A long-standing battle between Canada's largest real estate board and the Competition Bureau over online access to housing market data is headed back to court again this week.
Starting Monday, the Federal Court of Appeal will hear an appeal of a Competition Tribunal ruling that the Toronto Real Estate Board engaged in anti-competitive practices when it restricted how its 45,000 member realtors share home-sales data online.
At the heart of the legal fight is a dispute over what realtors are allowed to do with data from the Multiple Listings Service, an electronic database available only to members of the real estate board that contains details about homes for sale, including past selling prices and realtor commissions.
Realtors routinely share this information with individual clients, but some in the real estate industry have been fighting to have it available online in bulk through a data feed posted on password-protected websites.
In April, the Competition Tribunal ruled that the real estate board was stifling competition and innovation in the industry by preventing its members in the GTA from creating new online services and tools using home-sales data. The tribunal ordered the real estate board to open up its MLS data for realtors to post online, but that process was put on hold after TREB appealed to the Federal Court.
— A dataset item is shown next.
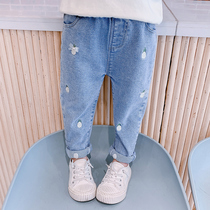 Girls jeans autumn 2021 new small children Foreign style loose trousers female baby casual Korean pants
The real estate board is arguing that sharing home-sales data widely online raises privacy concerns. It wants home owners to be required to give approval before such details are posted online. "Privacy laws obligate TREB and its members to obtain explicit, informed consent from a buyer and a seller to distribute their personal financial information, a right to privacy only they may waive," TREB chief executive officer John DiMichele wrote in August.
The battle over MLS data has dragged on for years. While a Federal Court ruling would apply only to the Toronto Real Estate Board, the case is seen as precedent-setting . The Canadian Real Estate Association, an umbrella group that represents more than 100 real estate boards across the country, has applied to be an intervenor in the case.
Fraser Beach, a Toronto-area realtor who has been battling TREB over online access to MLS data for nearly a decade, called the Federal Court of Appeal hearing "the final chapter in this quest." Mr. Beach shut down his popular daily newsletter on GTA home sales in September, saying he had received a "cease and desist letter" from the real estate board.
The court is set to hear the case on Monday and Tuesday this week in Toronto.